Here we're starting to see the todo list in action as we add both equals() and hashCode() as items to come back to, and then we start writing a test for the former. I would have sworn there was a note somewhere early on (introduction? preface? chapter 1?) about some helpful tips coming for the todo list, but so far I'm not seeing anything aside from "use one." For lack of a better place, I mentally picture it as a comment at the top of the tests file with a heading of "TODO."

"Triangulation" is presented as a technique of adding multiple assertions to help clarify what the right implementation should be if you're unsure. Sound familiar? That's what I was suggesting in my chapter 1 notes as table-stakes for all tests. I think if you're only doing 1 assertion per test you can't be sure that the code actually works can you? Ah well, at least this was a familiar technique.

Chapter 4: Privacy

This chapter was about restoring some "cleanliness" to the code and the tests. We made the instance amount variable private, and refactored the tests to be more "expressive." Instead of a series of steps that ends with an assertion, the test we refactored starts to look more like what passes for conversational among coders. (BDD syntax would be even nicer, but that seems out of scope.)
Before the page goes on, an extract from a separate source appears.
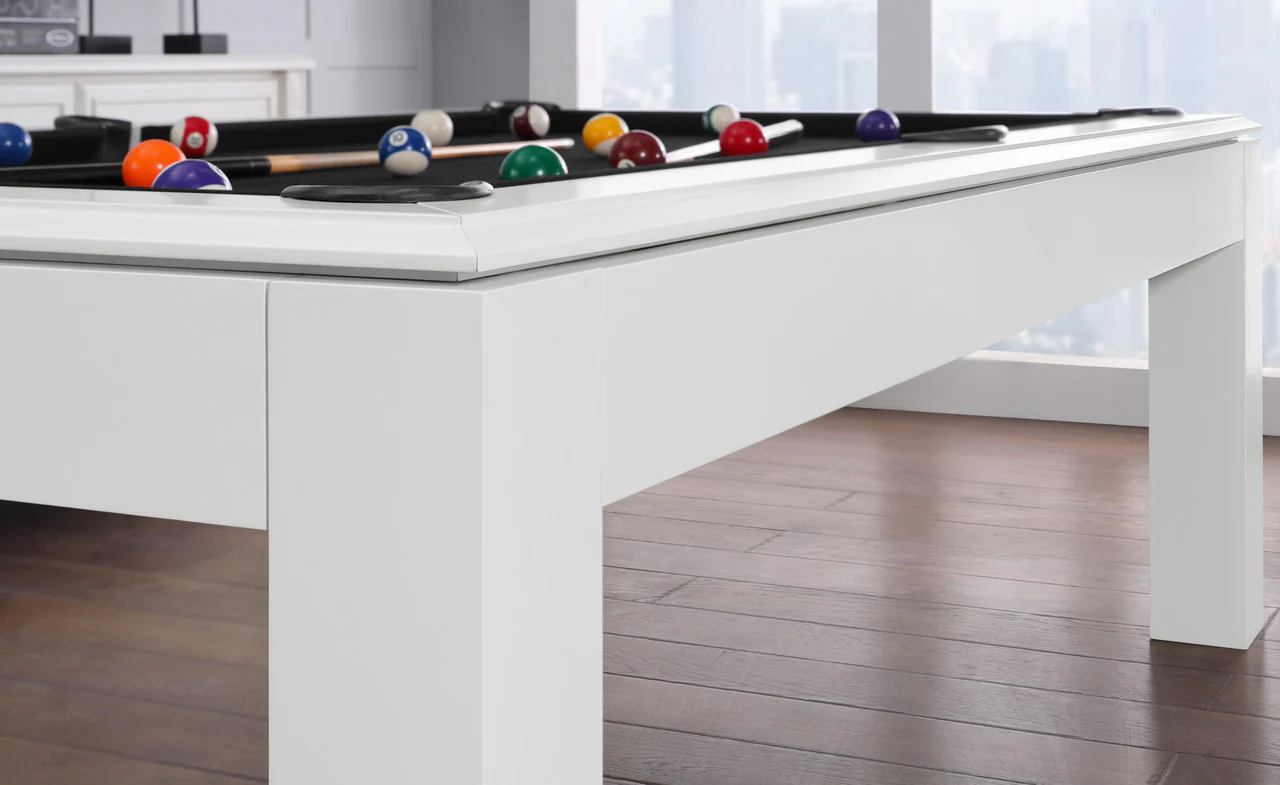 Aragon 7 Foot Pool Table with Dining Top White - Image 3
Also this is where we're introduced to the idea that if a bug were to slip past our tests into production, it should be used as an opportunity to learn what test we should have written. What's not expressly said (to the detriment of the book) is that in this scenario you should write the test that shows the code is broken by failing, and then make it pass by fixing the bug.

Chapter 5: Franc-ly Speaking

Now we've arrived at the part of the story where we have some functionality for dollars and we want to make that same functionality work for Francs. Of course, since this book is all about living out your wildest fantasies committing sins in the name of getting green tests as fast as possible, we simply copy/paste/rename the class and the tests from Dollars to Francs.

From here I've got more questions. Are we creating duplicate tests that will become obsolete and possibly even deleted later on when we refactor the code?

Again, I'm willing to suspend my disbelief for the duration of the book under the premise that we're learning a technique with over-simplified examples. If this were real code we'd start with the obvious inheritence implementation and tests that expect it, right? I guess we'll see.